Using the word "Silk" as the filter, copy each matching line from the records.

Study material:
* * *
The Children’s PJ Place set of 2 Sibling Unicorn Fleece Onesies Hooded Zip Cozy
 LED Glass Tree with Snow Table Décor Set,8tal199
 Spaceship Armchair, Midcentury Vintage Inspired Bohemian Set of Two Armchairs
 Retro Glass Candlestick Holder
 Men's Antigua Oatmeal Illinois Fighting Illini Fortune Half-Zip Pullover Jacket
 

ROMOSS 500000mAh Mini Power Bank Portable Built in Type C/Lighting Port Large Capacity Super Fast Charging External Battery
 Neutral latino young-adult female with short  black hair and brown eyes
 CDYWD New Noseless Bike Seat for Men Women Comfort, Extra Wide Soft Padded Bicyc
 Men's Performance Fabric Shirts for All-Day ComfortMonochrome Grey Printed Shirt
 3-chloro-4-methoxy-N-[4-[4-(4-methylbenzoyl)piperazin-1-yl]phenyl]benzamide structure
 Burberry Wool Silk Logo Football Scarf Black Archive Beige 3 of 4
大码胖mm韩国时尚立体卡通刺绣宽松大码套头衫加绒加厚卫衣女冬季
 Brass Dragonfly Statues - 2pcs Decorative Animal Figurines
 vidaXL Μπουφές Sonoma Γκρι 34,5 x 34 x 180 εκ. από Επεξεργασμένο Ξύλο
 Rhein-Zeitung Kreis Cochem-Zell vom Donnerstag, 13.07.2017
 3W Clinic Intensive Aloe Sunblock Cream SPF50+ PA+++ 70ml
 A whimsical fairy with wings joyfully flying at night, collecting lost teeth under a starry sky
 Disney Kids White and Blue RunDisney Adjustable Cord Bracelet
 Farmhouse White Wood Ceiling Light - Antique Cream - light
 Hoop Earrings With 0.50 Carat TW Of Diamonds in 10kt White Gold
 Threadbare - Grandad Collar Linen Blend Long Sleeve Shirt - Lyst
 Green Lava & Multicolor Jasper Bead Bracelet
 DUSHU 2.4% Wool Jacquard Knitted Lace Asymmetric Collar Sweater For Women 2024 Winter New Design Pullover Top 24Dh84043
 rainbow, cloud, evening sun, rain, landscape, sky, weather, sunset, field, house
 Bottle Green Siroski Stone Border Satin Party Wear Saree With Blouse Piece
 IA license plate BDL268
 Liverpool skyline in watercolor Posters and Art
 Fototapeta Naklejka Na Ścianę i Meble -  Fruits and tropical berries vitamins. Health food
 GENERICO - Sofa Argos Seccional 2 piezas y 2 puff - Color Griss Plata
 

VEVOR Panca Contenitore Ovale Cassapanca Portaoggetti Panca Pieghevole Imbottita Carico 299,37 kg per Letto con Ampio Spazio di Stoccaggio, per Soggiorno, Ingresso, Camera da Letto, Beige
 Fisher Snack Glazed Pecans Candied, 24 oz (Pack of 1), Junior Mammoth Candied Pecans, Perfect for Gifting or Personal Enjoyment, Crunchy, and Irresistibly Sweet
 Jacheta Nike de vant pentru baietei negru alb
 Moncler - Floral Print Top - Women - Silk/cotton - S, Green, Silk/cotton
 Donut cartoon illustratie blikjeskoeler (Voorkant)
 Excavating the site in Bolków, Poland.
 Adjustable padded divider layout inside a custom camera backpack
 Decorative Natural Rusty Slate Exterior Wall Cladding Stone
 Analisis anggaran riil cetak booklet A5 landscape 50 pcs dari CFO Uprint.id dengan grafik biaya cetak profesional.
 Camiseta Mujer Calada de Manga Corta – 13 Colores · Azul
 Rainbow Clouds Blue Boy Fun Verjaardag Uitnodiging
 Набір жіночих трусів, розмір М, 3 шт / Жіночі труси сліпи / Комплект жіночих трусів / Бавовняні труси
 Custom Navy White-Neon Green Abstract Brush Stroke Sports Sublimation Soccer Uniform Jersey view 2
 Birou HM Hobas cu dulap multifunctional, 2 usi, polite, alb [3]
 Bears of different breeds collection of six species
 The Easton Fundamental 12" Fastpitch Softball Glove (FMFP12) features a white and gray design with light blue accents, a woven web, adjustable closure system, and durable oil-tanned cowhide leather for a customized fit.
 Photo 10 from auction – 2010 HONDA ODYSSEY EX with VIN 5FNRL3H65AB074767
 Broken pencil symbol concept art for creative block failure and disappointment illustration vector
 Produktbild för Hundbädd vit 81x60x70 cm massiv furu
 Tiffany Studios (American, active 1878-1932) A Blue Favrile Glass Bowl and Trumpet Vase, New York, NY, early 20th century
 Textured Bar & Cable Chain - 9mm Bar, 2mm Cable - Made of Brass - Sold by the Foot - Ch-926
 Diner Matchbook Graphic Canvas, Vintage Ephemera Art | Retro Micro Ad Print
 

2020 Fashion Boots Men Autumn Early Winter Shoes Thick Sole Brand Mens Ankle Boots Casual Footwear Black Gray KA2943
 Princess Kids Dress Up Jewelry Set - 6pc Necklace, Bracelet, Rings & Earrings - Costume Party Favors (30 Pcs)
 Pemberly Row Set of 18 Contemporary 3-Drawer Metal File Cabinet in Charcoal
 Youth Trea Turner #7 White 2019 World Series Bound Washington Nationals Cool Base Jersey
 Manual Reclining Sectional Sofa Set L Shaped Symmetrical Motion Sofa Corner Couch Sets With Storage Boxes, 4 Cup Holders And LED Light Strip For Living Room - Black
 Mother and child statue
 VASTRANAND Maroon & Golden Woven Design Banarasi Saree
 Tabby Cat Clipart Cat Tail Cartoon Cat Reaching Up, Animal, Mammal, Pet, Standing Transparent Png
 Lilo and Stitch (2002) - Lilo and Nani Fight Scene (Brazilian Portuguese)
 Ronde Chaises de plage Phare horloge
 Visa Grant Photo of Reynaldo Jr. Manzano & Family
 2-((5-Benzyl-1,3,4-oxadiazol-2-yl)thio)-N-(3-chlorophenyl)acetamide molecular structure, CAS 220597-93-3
* * *
Task output:
 Burberry Wool Silk Logo Football Scarf Black Archive Beige 3 of 4
 Moncler - Floral Print Top - Women - Silk/cotton - S, Green, Silk/cotton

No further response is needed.